Tu vois qu’il m’a été impossible d’accepter votre aimable invitation à laquelle j’aurais eu grand plaisir à me rendre, il y a si longtemps qu’on s’est vu. Je ne sais si ma lettre te parviendra c’est pourquoi j’ai attendu pour t’écrire, Anastasie aux longs ciseaux veille et j’ai des lettres qui ne sont pas arrivées à destination, on ne laissait passer rien de ce qui pouvait donner les nouvelles d’ici, je ne sais vraiment pas pourquoi. Si cela continue on quittera la ville, déjà nombre d’habitants vont coucher à la campagne ou tout se loue, je ne trouve pas que l’on y soit en sécurité, si je pars ce sera pour m’éloigner de la zone.
J’espère que vous êtes tous en bonne santé, que Melchior ne souffre pas trop, nous traversons une période particulièrement tragique, quand verrons-nous la fin, tout le monde le souhaite ardemment. Ma bonne ville natale n’a pas été épargnée, des rues entières sont effondrées et il y a des victimes dans la population civile. Le temps est plus sombre et la lune ne les éclairera plus en ce moment on voudrait une tempête pour reprendre un peu d’aplomb.
Voila la mauvaise saison qui nous arrive, le jardin n’a plus de charme, les poireaux qui ont remplacé les pois et les haricots sont l’ornement de ce petit enclos.
Je vous embrasse toutes deux très affectueusement. Excuse mon griffonnage et ma prose, je ne suis plus moi-même, ébranlée et la tête creuse.
Ta cousine attachée.»
Le cachet postal indique que la lettre a été envoyée le 8 octobre 1917 de Boulogne-sur-mer à destination de Regnauville, 250 habitants, à 70 kilomètres de là, dans le même département du Pas-de-Calais. Les livres d’histoire relatent que la ville portuaire a été particulièrement meurtrie durant la première guerre mondiale, et qu’elle en porte encore des stigmates. Sa situation géographique en avait fait le lieu de rassemblement de l’armée britannique et à ce titre la ville était constamment à la merci des bombardements de l’ennemi. C’était en outre un centre très important pour les hôpitaux mis à rude épreuve, comme on s’en doute. Mais c’est à Boulogne qu’en juin 1917, les premières troupes américaines avaient débarqué avec à leur tête le général Pershing. Elles seront suivies par une armée de plus de deux millions d’hommes sur le sol français.

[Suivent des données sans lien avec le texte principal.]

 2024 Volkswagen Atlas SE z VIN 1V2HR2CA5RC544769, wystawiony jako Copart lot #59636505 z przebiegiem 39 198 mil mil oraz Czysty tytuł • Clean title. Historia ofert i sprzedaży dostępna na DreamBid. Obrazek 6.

Il faudra cependant attendre plus d’un an pour trouver enfin l’armistice depuis si longtemps attendu. L’explosion de joie suscitée par la paix retrouvée fut, comme partout, assombrie par le tragique bilan des victimes du conflit. Sur les 8.000 Boulonnais mobilisés, plus de 1.600 furent portés morts ou disparus. Et dans les cimetières militaires qui pullulent tout autour de la ville, on dénombre aujourd’hui plus de 12.000 tombes.
Quant au village de Regnauville, où habitait Adrienne, on y érigea en 1926 une stèle afin de rendre hommage aux dix-huit habitants du village tués pendant le conflit, dont trois de la même famille.
Gérard Goutierre
Je reconnais bien là Gérard ton amour des missives postales qu’elles soient signées par Apollinaire, Baudelaire ou une anonyme cousine… Merci pour ce petit morceau d’histoire personnelle qui télescope la grande Histoire et fait revivre avec émotion les bombardements de Boulogne, un épisode oublié de la Grande Guerre qui avait arasé le moral des habitants au point qu’ils n’attendaient plus « qu »une tempête pour reprendre un peu d’aplomb »…
Cela m’évoque immédiatement « Les Lettres », de Maxime le Forestier, album découvert ado mais qui, 40 ans plus tard, reste très écoutable : https://www.youtube.com/watch?v=8wTZ-elQv3c
C’est émouvant, belle retranscription.